[v2] target/i386: Fix physical address truncation

Message ID	0102018c8d11471f-9a6d73eb-0c34-4f61-8d37-5a4418f9e0d7-000000@eu-west-1.amazonses.com (mailing list archive)
State	New, archived
Headers	show Return-Path: <qemu-devel-bounces+qemu-devel=archiver.kernel.org@nongnu.org> From: Michael Brown <mcb30@ipxe.org> To: qemu-devel@nongnu.org Cc: qemu-stable@nongnu.org, Michael Brown <mcb30@ipxe.org>, Paolo Bonzini <pbonzini@redhat.com>, Richard Henderson <richard.henderson@linaro.org>, Eduardo Habkost <eduardo@habkost.net> Subject: [PATCH v2] target/i386: Fix physical address truncation Date: Thu, 21 Dec 2023 15:49:29 +0000 Message-ID: <0102018c8d11471f-9a6d73eb-0c34-4f61-8d37-5a4418f9e0d7-000000@eu-west-1.amazonses.com> In-Reply-To: <25995a01-720e-485a-b7c2-36ec612a888b@ipxe.org> References: <25995a01-720e-485a-b7c2-36ec612a888b@ipxe.org> MIME-Version: 1.0 Content-Transfer-Encoding: 8bit Feedback-ID: 1.eu-west-1.fspj4M/5bzJ9NLRzJP0PaxRwxrpZqiDQJ1IF94CF2TA=:AmazonSES Received-SPF: pass client-ip=54.240.7.18; envelope-from=0102018c8d11471f-9a6d73eb-0c34-4f61-8d37-5a4418f9e0d7-000000@eu-west-1.amazonses.com; helo=a7-18.smtp-out.eu-west-1.amazonses.com X-Spam_score_int: -18 X-Spam_score: -1.9 X-Spam_bar: - X-Spam_report: (-1.9 / 5.0 requ) BAYES_00=-1.9, DKIM_SIGNED=0.1, DKIM_VALID=-0.1, DKIM_VALID_AU=-0.1, DKIM_VALID_EF=-0.1, HEADER_FROM_DIFFERENT_DOMAINS=0.249, RCVD_IN_DNSWL_NONE=-0.0001, RCVD_IN_MSPIKE_H4=0.001, RCVD_IN_MSPIKE_WL=0.001, SPF_HELO_PASS=-0.001, SPF_PASS=-0.001, T_SCC_BODY_TEXT_LINE=-0.01 autolearn=ham autolearn_force=no X-Spam_action: no action Precedence: list Errors-To: qemu-devel-bounces+qemu-devel=archiver.kernel.org@nongnu.org Sender: qemu-devel-bounces+qemu-devel=archiver.kernel.org@nongnu.org
Series	[v2] target/i386: Fix physical address truncation \| expand [v2] target/i386: Fix physical address truncation

Michael Brown Dec. 21, 2023, 3:49 p.m. UTC

The address translation logic in get_physical_address() will currently
truncate physical addresses to 32 bits unless long mode is enabled.
This is incorrect when using physical address extensions (PAE) outside
of long mode, with the result that a 32-bit operating system using PAE
to access memory above 4G will experience undefined behaviour.

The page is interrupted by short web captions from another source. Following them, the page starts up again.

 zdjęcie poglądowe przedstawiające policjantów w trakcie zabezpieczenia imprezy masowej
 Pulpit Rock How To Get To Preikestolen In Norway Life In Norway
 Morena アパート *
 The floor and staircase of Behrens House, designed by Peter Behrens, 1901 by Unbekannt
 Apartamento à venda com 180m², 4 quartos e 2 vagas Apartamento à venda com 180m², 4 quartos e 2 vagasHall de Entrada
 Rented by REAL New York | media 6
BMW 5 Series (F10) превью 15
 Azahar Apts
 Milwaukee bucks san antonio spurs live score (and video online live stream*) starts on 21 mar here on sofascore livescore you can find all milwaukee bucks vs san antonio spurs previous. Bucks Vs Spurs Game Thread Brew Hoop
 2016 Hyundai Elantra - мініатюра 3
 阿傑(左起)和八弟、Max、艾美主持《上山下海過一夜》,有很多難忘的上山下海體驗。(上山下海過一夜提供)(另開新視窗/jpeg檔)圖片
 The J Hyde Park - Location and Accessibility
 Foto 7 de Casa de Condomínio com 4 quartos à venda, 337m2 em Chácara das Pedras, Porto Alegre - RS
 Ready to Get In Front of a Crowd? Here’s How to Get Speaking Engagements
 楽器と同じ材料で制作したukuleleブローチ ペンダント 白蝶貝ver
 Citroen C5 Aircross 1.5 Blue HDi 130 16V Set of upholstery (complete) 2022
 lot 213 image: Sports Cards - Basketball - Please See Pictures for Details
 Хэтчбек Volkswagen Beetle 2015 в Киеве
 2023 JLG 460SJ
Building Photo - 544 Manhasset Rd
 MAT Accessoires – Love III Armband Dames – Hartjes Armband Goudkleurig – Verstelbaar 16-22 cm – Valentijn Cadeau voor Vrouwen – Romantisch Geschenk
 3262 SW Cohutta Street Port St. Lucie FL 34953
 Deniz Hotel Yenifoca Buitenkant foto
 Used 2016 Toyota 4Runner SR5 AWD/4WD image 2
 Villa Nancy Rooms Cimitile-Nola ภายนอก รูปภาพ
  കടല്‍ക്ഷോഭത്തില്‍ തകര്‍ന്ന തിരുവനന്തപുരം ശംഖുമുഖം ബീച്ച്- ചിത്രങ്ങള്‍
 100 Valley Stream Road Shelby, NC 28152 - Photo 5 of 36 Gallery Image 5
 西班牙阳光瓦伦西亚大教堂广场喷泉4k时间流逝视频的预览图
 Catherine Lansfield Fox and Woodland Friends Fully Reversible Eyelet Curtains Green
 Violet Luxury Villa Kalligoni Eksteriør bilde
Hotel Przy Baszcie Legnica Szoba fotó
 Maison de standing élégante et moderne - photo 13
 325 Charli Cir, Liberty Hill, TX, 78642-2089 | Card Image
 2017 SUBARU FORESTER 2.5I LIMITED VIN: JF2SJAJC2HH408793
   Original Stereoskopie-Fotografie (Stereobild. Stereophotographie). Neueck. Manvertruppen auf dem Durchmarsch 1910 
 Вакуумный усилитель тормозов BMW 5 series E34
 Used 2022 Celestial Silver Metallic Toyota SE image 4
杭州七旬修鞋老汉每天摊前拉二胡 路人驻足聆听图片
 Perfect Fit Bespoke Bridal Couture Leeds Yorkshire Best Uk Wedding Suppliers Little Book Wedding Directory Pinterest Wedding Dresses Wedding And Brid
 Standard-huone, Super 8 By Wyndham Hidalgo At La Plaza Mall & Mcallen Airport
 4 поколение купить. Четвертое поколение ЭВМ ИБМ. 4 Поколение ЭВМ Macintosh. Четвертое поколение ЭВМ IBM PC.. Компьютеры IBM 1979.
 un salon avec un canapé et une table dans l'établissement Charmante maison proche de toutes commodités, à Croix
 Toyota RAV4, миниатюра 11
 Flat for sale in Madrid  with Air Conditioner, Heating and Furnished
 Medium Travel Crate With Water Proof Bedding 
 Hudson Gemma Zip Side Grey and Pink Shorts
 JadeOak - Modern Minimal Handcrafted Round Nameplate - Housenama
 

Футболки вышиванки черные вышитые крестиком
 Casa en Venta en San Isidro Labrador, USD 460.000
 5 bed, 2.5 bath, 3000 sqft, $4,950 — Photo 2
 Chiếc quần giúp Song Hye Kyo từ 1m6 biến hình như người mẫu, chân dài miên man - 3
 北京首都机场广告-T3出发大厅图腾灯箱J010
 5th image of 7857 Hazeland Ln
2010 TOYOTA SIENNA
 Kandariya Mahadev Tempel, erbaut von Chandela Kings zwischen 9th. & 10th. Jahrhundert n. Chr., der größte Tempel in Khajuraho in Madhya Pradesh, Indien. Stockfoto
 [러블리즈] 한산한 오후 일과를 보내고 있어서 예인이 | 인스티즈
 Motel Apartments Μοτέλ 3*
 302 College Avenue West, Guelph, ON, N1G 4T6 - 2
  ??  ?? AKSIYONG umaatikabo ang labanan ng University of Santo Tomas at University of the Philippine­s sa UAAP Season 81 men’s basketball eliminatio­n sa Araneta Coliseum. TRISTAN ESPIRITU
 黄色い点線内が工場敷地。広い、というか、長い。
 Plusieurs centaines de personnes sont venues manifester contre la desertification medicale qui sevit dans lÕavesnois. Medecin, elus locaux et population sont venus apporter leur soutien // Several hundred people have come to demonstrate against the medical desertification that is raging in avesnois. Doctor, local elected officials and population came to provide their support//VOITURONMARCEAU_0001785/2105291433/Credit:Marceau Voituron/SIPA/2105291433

The truncation code was originally introduced in commit 33dfdb5 ("x86:
only allow real mode to access 32bit without LMA"), where it applied
only to translations performed while paging is disabled (and so cannot
affect guests using PAE).

Commit 9828198 ("target/i386: Add MMU_PHYS_IDX and MMU_NESTED_IDX")
rearranged the code such that the truncation also applied to the use
of MMU_PHYS_IDX and MMU_NESTED_IDX.  Commit 4a1e9d4 ("target/i386: Use
atomic operations for pte updates") brought this truncation into scope
for page table entry accesses, and is the first commit for which a
Windows 10 32-bit guest will reliably fail to boot if memory above 4G
is present.

The original truncation code (now ten years old) appears to be wholly
redundant in the current codebase.  With paging disabled, the CPU
cannot be in long mode and so the maximum address size for any
executed instruction is 32 bits.  This will already cause the linear
address to be truncated to 32 bits, and there is therefore no way for
get_physical_address() to be asked to translate an address outside of
the 32-bit range.

Fix by removing the address truncation in get_physical_address().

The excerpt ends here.